The Holy Father has begun his visit to Mongolia. Although he arrived on the afternoon of September 1, the time difference meant that the official events began on September 2. A visit to the authorities and a meeting with religious and consecrated priests marked today's agenda.

Maria José Atienza-September 2, 2023-Reading time: 6 minutes

Pope Francis with the President of Mongolia at a ceremonial ger at the State Palace in Ulaanbaatar ©CNS photo/Lola Gomez

The journey of the Pope in Mongolia began, in an active way, this morning in the "Ikh Mongol" Hall of the Government Palace. There, in front of the authorities of the country, he defined himself as a "pilgrim of friendship, arriving on tiptoe and with a joyful heart, eager to enrich myself humanly with your presence".
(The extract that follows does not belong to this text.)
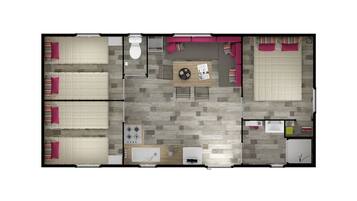 Un plan d’étage d’une chambre d’hôtel comprenant un lit, une petite kitchenette, une salle de bain et un coin salon.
The Pope wished to recall, first of all, the ancient relationship between Mongolia and Christianity, which dates back to 1246, when Friar John of Plano Carpini, papal envoy, visited Guyuk, the third Mongol emperor, and presented the Great Khan with the official letter of Pope Innocent IV. That letter, "is preserved in the Vatican Library and today I have the honor to give you an authentic copy, made with the most advanced techniques to ensure the best possible quality. May this be a sign of ancient friendship that grows and renews itself," the Pope stressed.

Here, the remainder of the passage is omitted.